Not Dead Yet
Page 31
Some people—Stewart Copeland of The Police, for example—wear gloves. I could never do that. I need to feel the stick.
So fundamentally, there’s no way round it. You just have to develop strength and resilience. On early tours, back in my hotel room, I’d play on pillows in front of the TV, endlessly, into the night, to strengthen my wrists. With the blisters, you have to push through. The blister breaks, then you get a blood blister, then that breaks and you’re working with increasingly butchered flesh.
You have no option but to do it in the raw, in real time, onstage. Even if you’ve rehearsed—seven, eight, nine, ten hours a day—you won’t get there. You won’t find the angst, the nerves or the tension of playing a show. So the fingers won’t get toughened either.
You could use New-Skin, a product like a thick nail varnish that’s daubed on a piece of flayed epidermis desperate for some protection. You paint it on and it stings and it stinks. But once it dries, the nauseous medical pong fades, as does the pain, and you’re armed with another layer of insulation. Then, when that comes off, it rips off another layer of real skin. You start all over again.

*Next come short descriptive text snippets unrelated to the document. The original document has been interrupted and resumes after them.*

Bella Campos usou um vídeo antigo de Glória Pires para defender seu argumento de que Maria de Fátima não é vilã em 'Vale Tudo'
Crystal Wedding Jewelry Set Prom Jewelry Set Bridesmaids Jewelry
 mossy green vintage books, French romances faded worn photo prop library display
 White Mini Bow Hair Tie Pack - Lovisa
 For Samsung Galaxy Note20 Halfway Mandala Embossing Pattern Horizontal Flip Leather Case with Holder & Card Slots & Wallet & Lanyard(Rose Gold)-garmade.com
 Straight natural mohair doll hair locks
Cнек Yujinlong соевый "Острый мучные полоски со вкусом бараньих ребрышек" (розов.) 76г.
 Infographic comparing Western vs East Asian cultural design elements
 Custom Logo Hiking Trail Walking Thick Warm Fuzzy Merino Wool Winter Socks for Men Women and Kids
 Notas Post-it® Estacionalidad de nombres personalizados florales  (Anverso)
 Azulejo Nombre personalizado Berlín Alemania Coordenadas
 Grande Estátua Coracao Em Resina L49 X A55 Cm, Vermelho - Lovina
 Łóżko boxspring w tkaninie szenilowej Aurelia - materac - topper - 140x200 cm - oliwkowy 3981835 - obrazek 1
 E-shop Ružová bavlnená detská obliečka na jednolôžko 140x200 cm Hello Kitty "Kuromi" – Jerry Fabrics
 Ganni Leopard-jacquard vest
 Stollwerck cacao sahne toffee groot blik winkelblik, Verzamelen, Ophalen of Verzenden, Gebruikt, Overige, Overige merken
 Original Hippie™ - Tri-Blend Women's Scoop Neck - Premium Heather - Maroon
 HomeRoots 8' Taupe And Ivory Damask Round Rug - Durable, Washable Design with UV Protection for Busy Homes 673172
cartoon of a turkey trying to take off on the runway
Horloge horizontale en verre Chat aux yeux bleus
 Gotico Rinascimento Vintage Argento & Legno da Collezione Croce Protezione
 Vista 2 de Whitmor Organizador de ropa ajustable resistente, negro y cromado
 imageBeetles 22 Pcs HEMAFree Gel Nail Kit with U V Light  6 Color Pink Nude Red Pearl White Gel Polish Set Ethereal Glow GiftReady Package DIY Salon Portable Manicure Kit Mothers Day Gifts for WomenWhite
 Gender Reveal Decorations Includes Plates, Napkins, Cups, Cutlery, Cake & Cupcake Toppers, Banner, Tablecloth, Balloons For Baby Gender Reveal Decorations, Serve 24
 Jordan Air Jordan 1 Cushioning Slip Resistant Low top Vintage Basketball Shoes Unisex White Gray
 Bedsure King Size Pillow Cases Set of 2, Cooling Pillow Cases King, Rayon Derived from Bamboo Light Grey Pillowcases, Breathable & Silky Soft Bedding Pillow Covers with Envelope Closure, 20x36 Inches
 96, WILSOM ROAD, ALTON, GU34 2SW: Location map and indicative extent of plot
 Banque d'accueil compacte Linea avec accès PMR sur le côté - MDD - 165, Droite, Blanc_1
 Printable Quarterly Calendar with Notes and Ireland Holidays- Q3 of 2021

Although all of this may sound overdramatic, it’s a reality that drummers live with. You play, and you play on, and on. You might, in desperation, stick on plasters, but the sweat makes them come off during the show, so you hope that you have bits of hard skin developing. If not, the salty sweat will make your cracked, bleeding digits feel like they’re on fire.
Eventually—eventually—you’ve passed the worst. Now you have Tour Fingers.
So while as a drummer you might be mentally enfeebled, you’re physically robust. Even when I became a singer first and foremost, I maintained that mindset, and that fitness. And after A Trip into the Light, with the nightly laps of honor around our huge, round stage, I feel in great shape. There’s none of this personal-trainer malarkey. There’s no gym addiction, as seems to be the way of the preening, peacocking modern pop star.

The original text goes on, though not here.